Alejandro Rozado
- Temporada de patos, de Fernando Eimbcke (México, 2004), con Enrique Arreola y Danny Perea.
Lo primero que puedo decir es que me parece una película de texturas otoñales, en una ciudad de México que ha llegado ya a su techo histórico, bajo una luz mortecina y hermosa, matizada por la excelencia de un plafón envolvente hecho de nubes, esmog y edificios magistralmente grises. Los primeros planos, que son una sucesión de encuadres aproximativos de un trozo de ciudad que todo chilango puede comprender por sus dosis de sordidez y abandono, exponen el ritmo visual de un adagio vespertino con que será hecha la narración, confeccionada por cortes magistrales de cámara que "apagan" sensiblemente la luz con disolvencias en negro, como un parpadeo ritual, como un pase hipnótico de extraña subjetividad.

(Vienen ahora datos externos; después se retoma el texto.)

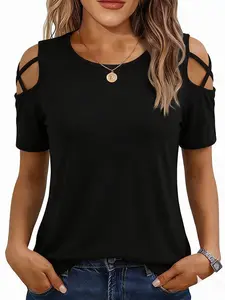 Women's Plain Short Sleeve Off-Shoulder Tie Fitted Top, Sexy Style, Pure Color, Perfect for Casual Wear, Comfortable and Stylish, Womenswear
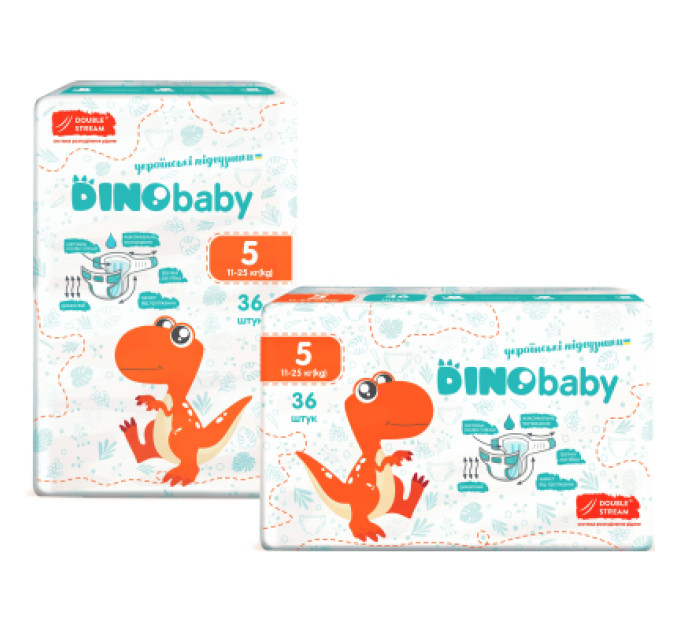 Dino Baby Підгузки Dino Baby Розмір 5 (11-25 кг) 36 шт (4823098410614)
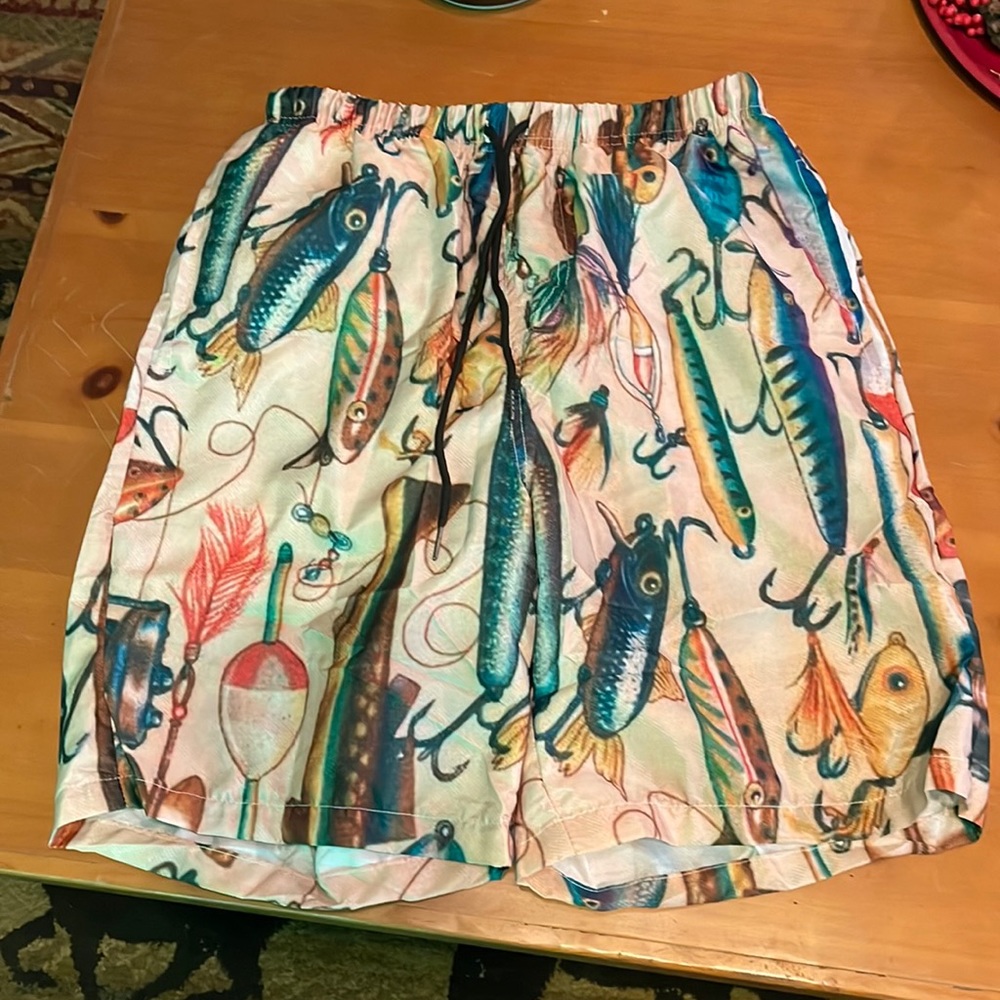 Unique fishing lure swim shorts - never used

El filme, sin embargo, no exhibe una atmósfera fría sino tibia, como el escenario interior del departamento de la unidad Tlaltelolco, como sus cuatro personajes centrales. Es decir, que hay una unidad tersa, como si fuese untada uniformemente en blanco y negro, que se despliega afuera y adentro, en el ruideral de la calle y en la quietud del condominio emblemático (todos los depas filmados del DF están en Tlaltelolco). No es un cine violento -lo cual festejo y agradezco-; es un cine de sencillas situaciones, de pequeñeces ciudadanas que se encuentran un triste domingo cualquiera. Tampoco hay otros exesos del tipo reventón -si acaso una gozosa mariguanada que hace del día una celebración espumosa y breve. Para Ulises (Enrique Arreola) el repartidor de pizzas con alma de veterinario, la jornada es un punto de inflexión que lo reconduce a su amor por los animales; para los dos chavos, amigos de videojuegos y que se niegan a pagar la pizza ordenada por haber llegado once segundos tarde, hay también hallazgos: el pelirrojo (apodado El Flama) duda de la paternidad biológica de sus padres, y Juan Pablo (El Moko) se abre a sus primeras experiencias eróticas, tanto con su cuate como con la vecina; ésta, en cambio, es una joven confianzuda -que no desearías tener al lado de tu casa-, obsesionada con cositas inofensivas (hacer pasteles, platicar trivialidades, etc.) que la hacen, no obstante, expresar lo femenino en el relato con un especial balance espolvoreado de gracia. Ella (Rita) no crece en la historia, tampoco decae; es como un factor constante y consistente, la tonta eterna sumergida en algo cuya grisura ilumina...
"Algo cuya grisura ilumina", esa podría ser la expresión condensada de esta deliciosa experiencia cinematográfica. Aquí se comprueba que lo grisáceo no nada más es poesía maldita, sino que es también el roce de un segundero en la quietud de una tarde o el cuadro de un paisaje mediocre con patos salvajes que parecen moverse bajo el efecto de una dicha efímera. Quizá el momento más disfrutable de la película -por cierto, conducida con soltura mediante un eficaz contrapunteo por pares de historias simultáneas en la sala y la cocina- sea durante el trance colectivo de los cuatro personajes, después de probar unos brownies con mota preparados por Rita, cuando Ulises explica a sus momentáneos amigos el milagro del vuelo de los patos en forma de "V": aquí, algo muy cinematográfico une la evocación de esa parvada con aquellas cuatro criaturas anónimas que coinciden una tarde equis, en un departamento equis, perdido entre cientos de miles más de la megalópolis, para estallar sus vidas en torno a la sencillez jubilosa de estar juntos. Muy recomendable: de lo mejor que ha hecho el cine mexicano en bastantes años.